Quote:
Originally Posted by NJblue
I for one am not defending Morse. It just seems to me that we the residents were the ones benefitting from what you call "dancing around the law". Afterall, the result of this "dance" was lower amenity fees for us. If he had not structured the deal as tax-free bonds, we would have to pay higher amenity fees to cover the extra bond interest payment. If you see it another way, please explain.
|
Good question, but here's the way I see it. Had the bonds issued been taxable bonds, they would have cost the borrowers less than nontaxable bonds, assuming they both had the same coupon rate. We'd have to go back in time and see the bond prices at the time of bond issuance to see exactly the spread between taxable and non-taxable bond prices. Anyways, the developer would have had to sell more bonds to obtain the same amount of money, so he would have paid a similar amount of interest. Not to mention there may have been additional tax writeoffs, depreciation etc., to be considered. I am no bond expert, and neither I expect are you, but we both know bond issuance and underwriting, etc., is complicated.
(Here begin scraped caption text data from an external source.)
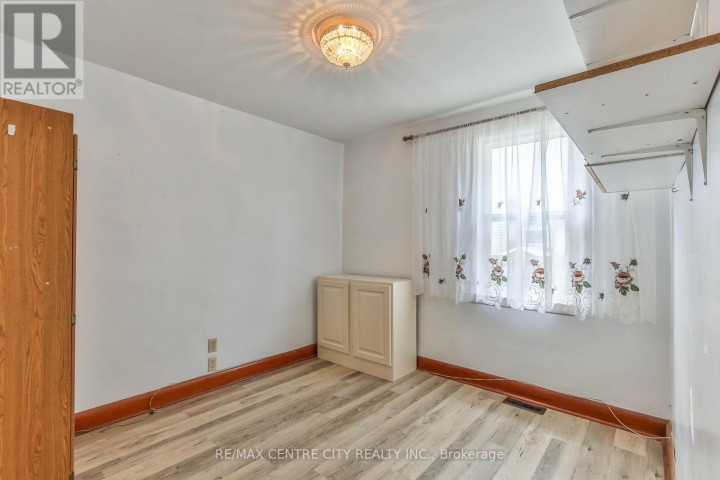 Photo 19 at 10 E Concession Street, Tillsonburg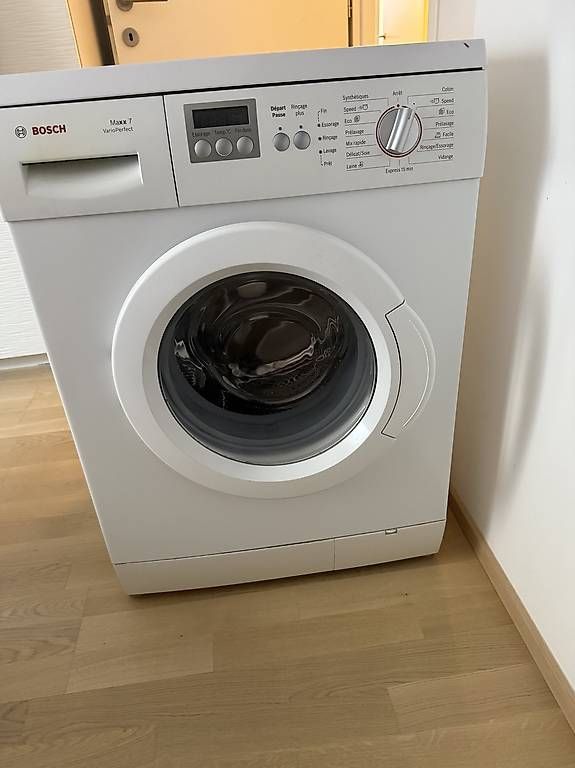 Bosch Machines à laver: Lave-linge Bosch Maxx 7 VarioPerfect, état impeccable – D'occasion à Genève par mai_vv5m 2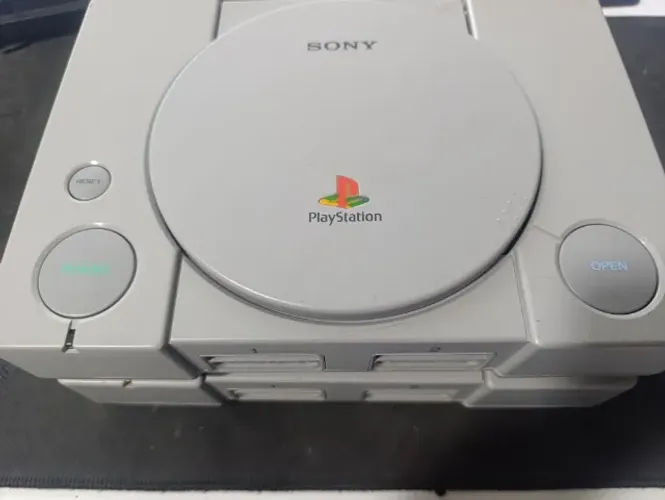 2 PlayStation 1 FAT - 2 consoles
My chief complaint has been that the developer was warned back in 2003 about the legalities of the bond issuance, and he continued to do so. Here's what W. Mark Scott, director of the IRS' tax-exempt bond division, wrote to the district on Jan. 29, 2003, when the bonds got a thumbs up after an earlier audit.
"Our closing of these cases, however, should not be construed as an approval of your method of operations. We have concerns regarding: the amount of control the developer has over the issuer; the questions of value of the assets sold by the developer to the issuer as these are not arm's length [transactions]; the treatment of income and expenses (whether income is properly reported and expenses deducted only once); compliance with state law."
Please note above , the IRS said directly that they had concerns with the developer's compliance with state law. I'm sorry you don't like my term "dancing around the law" but when they were warned and continued to push the limits of the law, so be it.
Now, many years later, if the bonds have to be re-issued and we the residents have to pay the IRS penalties, we are concerned about the financial consequences to The Villages and our amenities.